** Opening Data segment block **
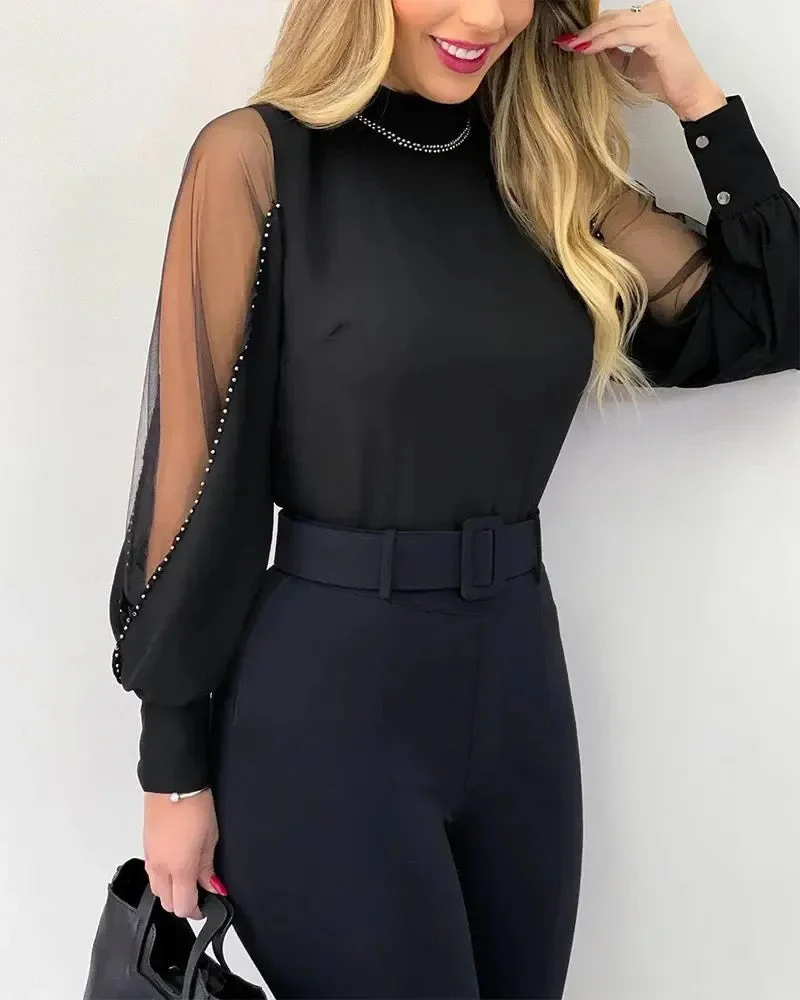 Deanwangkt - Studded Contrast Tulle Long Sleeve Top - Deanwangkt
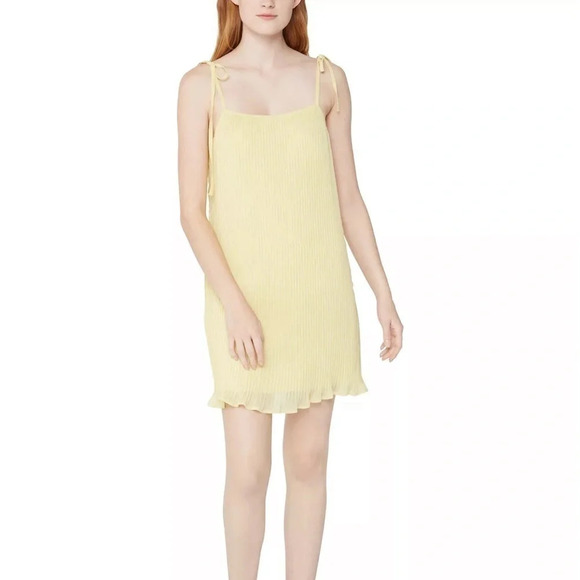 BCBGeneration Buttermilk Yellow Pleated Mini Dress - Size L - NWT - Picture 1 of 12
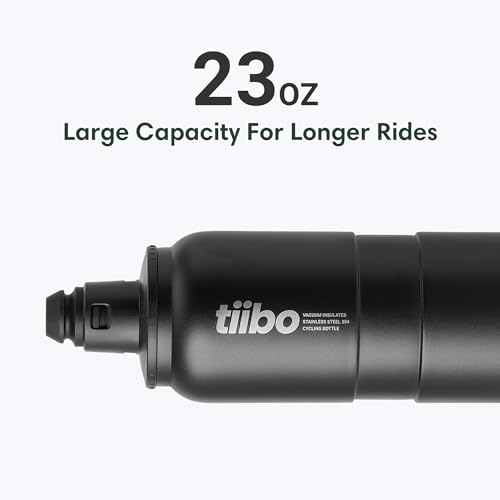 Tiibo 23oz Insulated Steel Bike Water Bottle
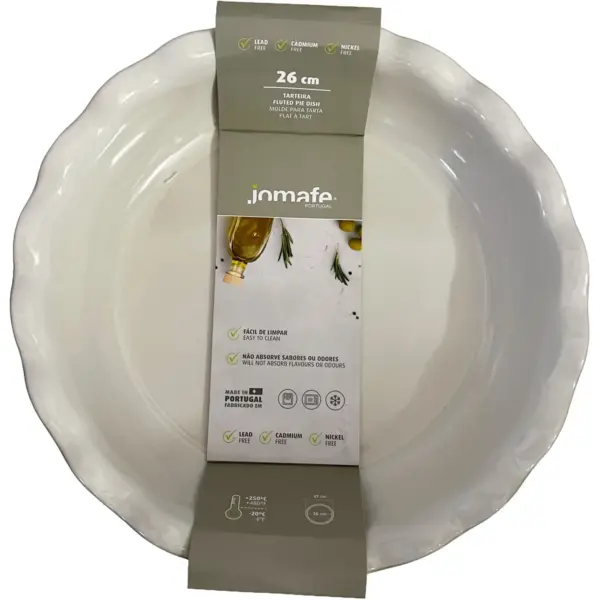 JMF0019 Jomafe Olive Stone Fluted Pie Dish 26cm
** Closing Data segment block **
* Directions for this task
All of the data is to be transcribed exactly, with images omitted.

* Expected answer
 Deanwangkt - Studded Contrast Tulle Long Sleeve Top - Deanwangkt
 BCBGeneration Buttermilk Yellow Pleated Mini Dress - Size L - NWT - Picture 1 of 12
 Tiibo 23oz Insulated Steel Bike Water Bottle
 JMF0019 Jomafe Olive Stone Fluted Pie Dish 26cm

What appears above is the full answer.